WHAT TO WORK ON: Take the lines below from the one with "日落时分莫罗湾海滩的海鸥（美国加利福尼亚州）图片素材" through the one with "Reliable landscape design" and retype them exactly. Include nothing else, and no pictures.

Segment Start: SOURCE DATA

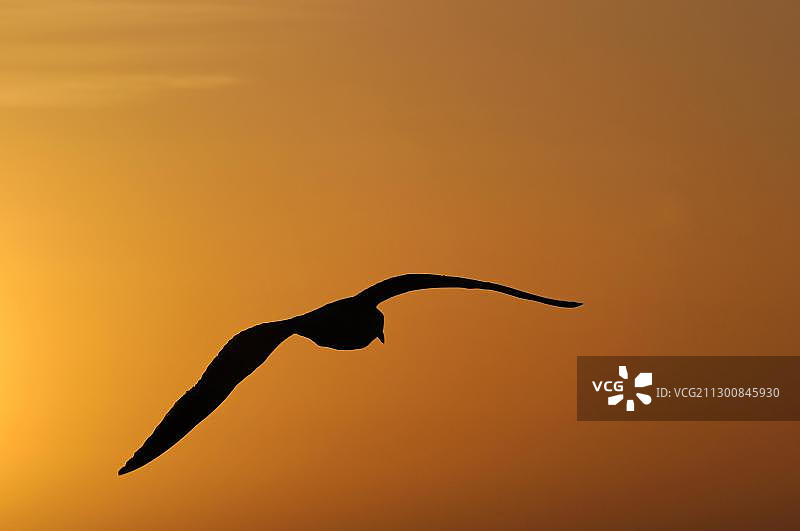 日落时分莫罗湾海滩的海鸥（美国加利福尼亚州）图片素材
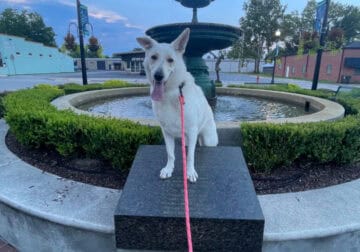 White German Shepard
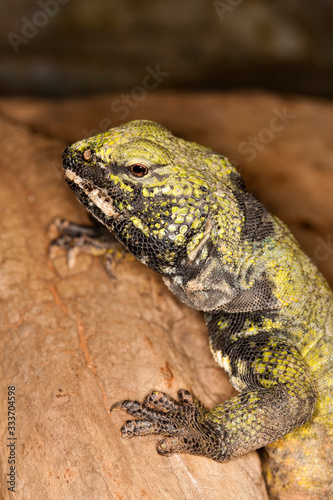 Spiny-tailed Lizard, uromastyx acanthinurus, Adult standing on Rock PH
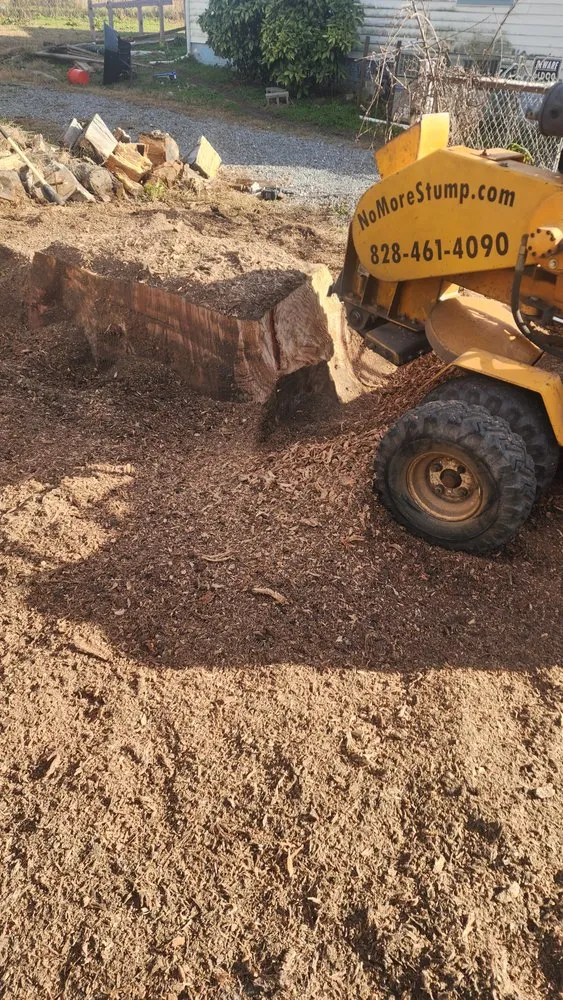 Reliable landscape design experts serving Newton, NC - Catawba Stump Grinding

Segment End: SOURCE DATA
Segment Start: SOURCE DATA

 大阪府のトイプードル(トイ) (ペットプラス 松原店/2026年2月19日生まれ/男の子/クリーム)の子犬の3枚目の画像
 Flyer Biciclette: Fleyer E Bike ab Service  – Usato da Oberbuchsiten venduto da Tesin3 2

Segment End: SOURCE DATA

TASK RESPONSE:
 日落时分莫罗湾海滩的海鸥（美国加利福尼亚州）图片素材
 White German Shepard
 Spiny-tailed Lizard, uromastyx acanthinurus, Adult standing on Rock PH
 Reliable landscape design experts serving Newton, NC - Catawba Stump Grinding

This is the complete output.